Problem
A GPU-enabled instance does not seem to be able to use the device. The driver does not seem to be running. and when running "nvidia-smi" you get an error such as:
$> nvidia-smi NVIDIA-SMI has failed because it couldn't communicate with the NVIDIA driver. Make sure that the latest NVIDIA driver is installed and running.
This usually happens after an update of the Operating System kernel, and requires a rebuild of the NVIDIA driver to be compatible with the new kernel.
Solution
Using the morpheus web portal:
- Navigate to the instance showing the problems.
- Click on ACTIONS - Run Workflow.
- Pick "Nvidia driver refresh" and click EXECUTE.
- Morpheus will show the progress of this operation, and after a few moments, the GPUs should be available again.
Once your instance is running, you can check wether your instance can see the GPU with:
$> nvidia-smi Tue Nov 17 15:20:38 2020 +-----------------------------------------------------------------------------+ | NVIDIA-SMI 440.87 Driver Version: 440.87 CUDA Version: 10.2 | |-------------------------------+----------------------+----------------------+ | GPU Name Persistence-M| Bus-Id Disp.A | Volatile Uncorr.
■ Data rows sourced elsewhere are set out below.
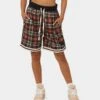 EN ES Team Basketball Shorts Red Plaid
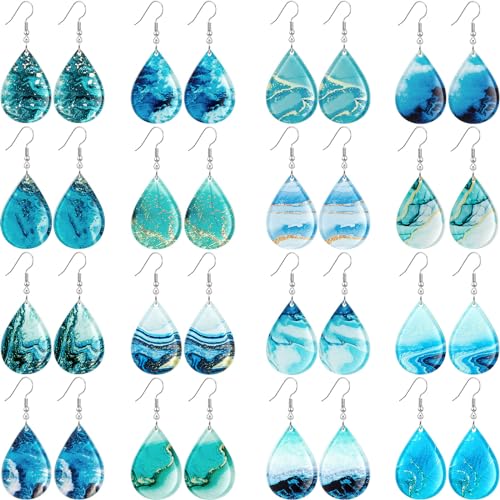 16 Pairs Acrylic Beach Summer Earrings Ocean Teardrop Hawaiian Tropical Dangle Earrings Bulk Gift for Women Jewelry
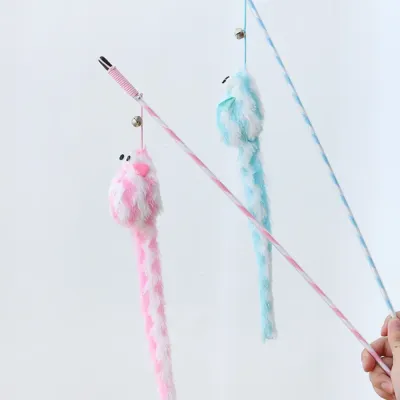 Candy Colour Interactive Pulley Fishing Rod Cat Toy Teaser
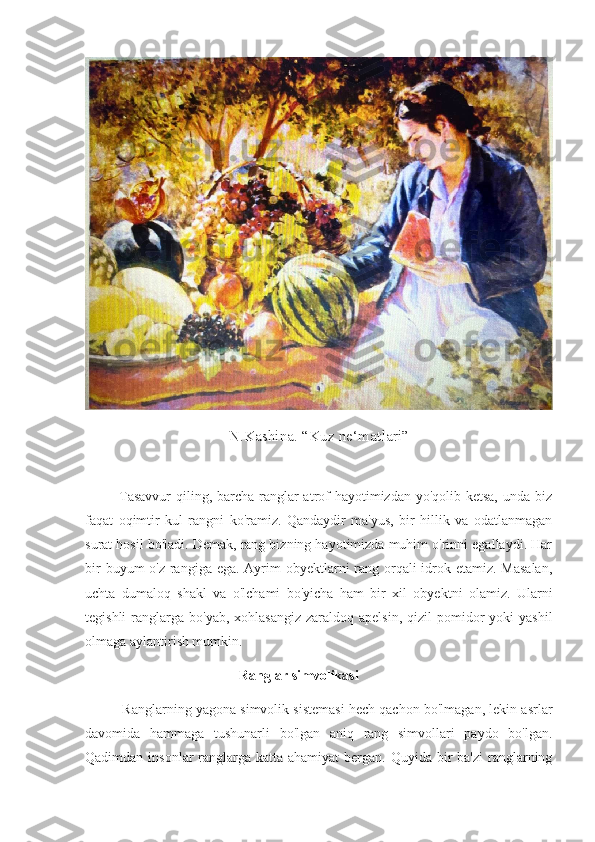 N.Kashina. “Kuz ne‘matlari”
             Tasavvur  qiling, barcha ranglar atrof hayotimizdan yo'qolib ketsa,  unda biz
faqat   oqimtir   kul   rangni   ko'ramiz.   Qandaydir   ma'yus,   bir   hillik   va   odatlanmagan
surat hosil bo'ladi. Demak, rang bizning hayotimizda muhim o'rinni egallaydi. Har
bir  buyum o'z rangiga ega. Ayrim obyektlarni rang orqali  idrok etamiz. Masalan,
uchta   dumaloq   shakl   va   o'lchami   bo'yicha   ham   bir   xil   obyektni   olamiz.   Ularni
tegishli   ranglarga  bo'yab,  xohlasangiz  zaraldoq apelsin,   qizil  pomidor   yoki  yashil
olmaga aylantirish mumkin.
                                            Ranglar simvolikasi
          Ranglarning yagona simvolik sistemasi hech qachon bo'lmagan, lekin asrlar
davomida   hammaga   tushunarli   bo'lgan   aniq   rang   simvollari   paydo   bo'lgan.
Qadimdan insonlar  ranglarga katta ahamiyat  bergan. Quyida bir  ba'zi  ranglarning 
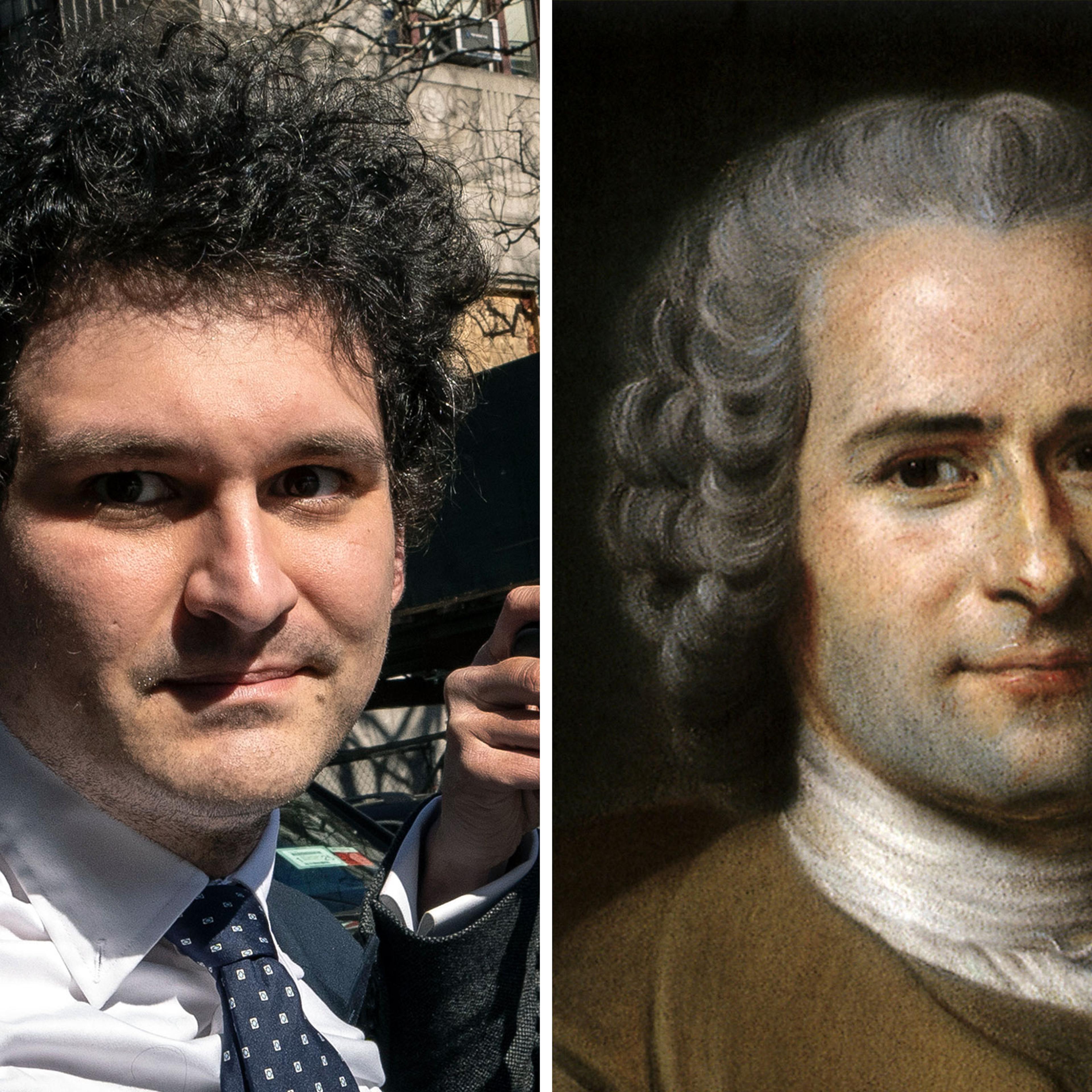 A side by side image of Sam Bankman-Fried and Jean-Jacques Rousseau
ECC | | Fan Temp Perf Pwr:Usage/Cap| Memory-Usage | GPU-Util Compute M. | |===============================+======================+======================| | 0 GRID V100-4C On | 00000000:00:05.0 Off | 0 | | N/A N/A P0 N/A / N/A | 304MiB / 4096MiB | 0% Default | +-------------------------------+----------------------+----------------------+ +-----------------------------------------------------------------------------+ | Processes: GPU Memory | | GPU PID Type Process name Usage | |=============================================================================| | No running processes found | +-----------------------------------------------------------------------------+